### What you have to do
Work through the listing below and give again exactly the lines from the one with "bilder Mång- utvecklingsfamilj" to the one with "Tre vuoto bianco", both ends included. All other lines and all pictures stay out.

### The data
-=-=-=-=-

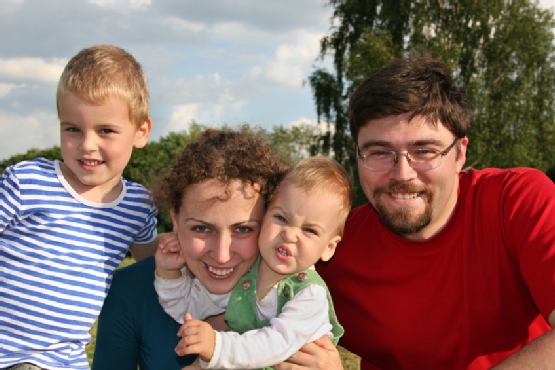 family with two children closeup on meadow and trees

-=-=-=-=-

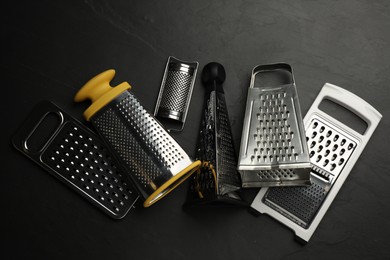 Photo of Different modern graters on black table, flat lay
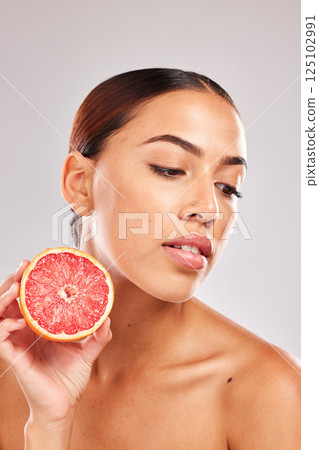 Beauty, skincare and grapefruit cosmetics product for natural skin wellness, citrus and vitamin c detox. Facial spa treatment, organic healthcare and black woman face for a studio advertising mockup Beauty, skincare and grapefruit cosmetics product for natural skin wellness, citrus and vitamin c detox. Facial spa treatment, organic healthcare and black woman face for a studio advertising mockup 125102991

-=-=-=-=-

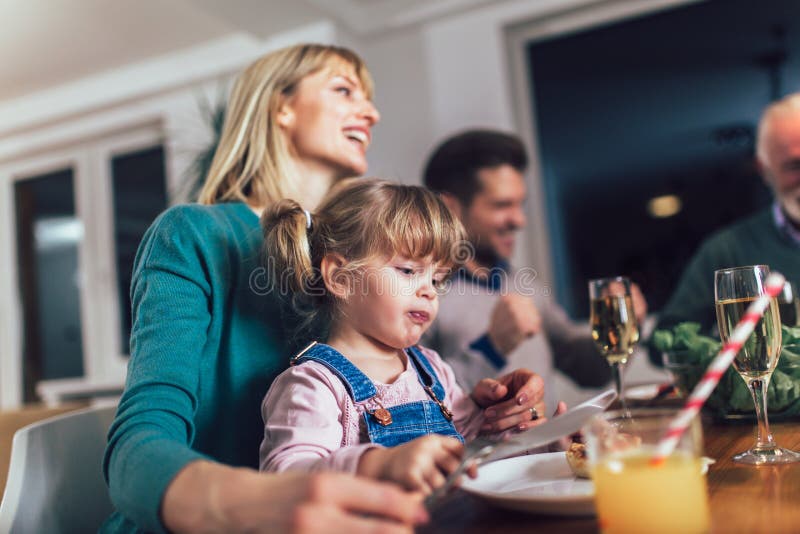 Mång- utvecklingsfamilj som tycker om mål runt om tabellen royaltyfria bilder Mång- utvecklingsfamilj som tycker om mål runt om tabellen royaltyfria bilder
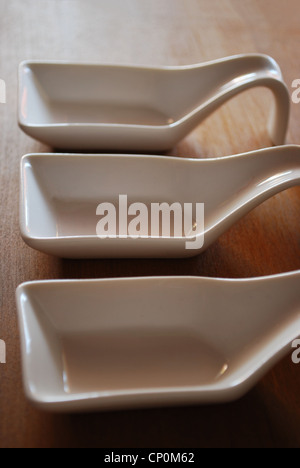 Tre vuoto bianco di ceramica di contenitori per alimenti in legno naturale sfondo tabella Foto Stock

-=-=-=-=-

### Result below
 Mång- utvecklingsfamilj som tycker om mål runt om tabellen royaltyfria bilder Mång- utvecklingsfamilj som tycker om mål runt om tabellen royaltyfria bilder
 Tre vuoto bianco di ceramica di contenitori per alimenti in legno naturale sfondo tabella Foto Stock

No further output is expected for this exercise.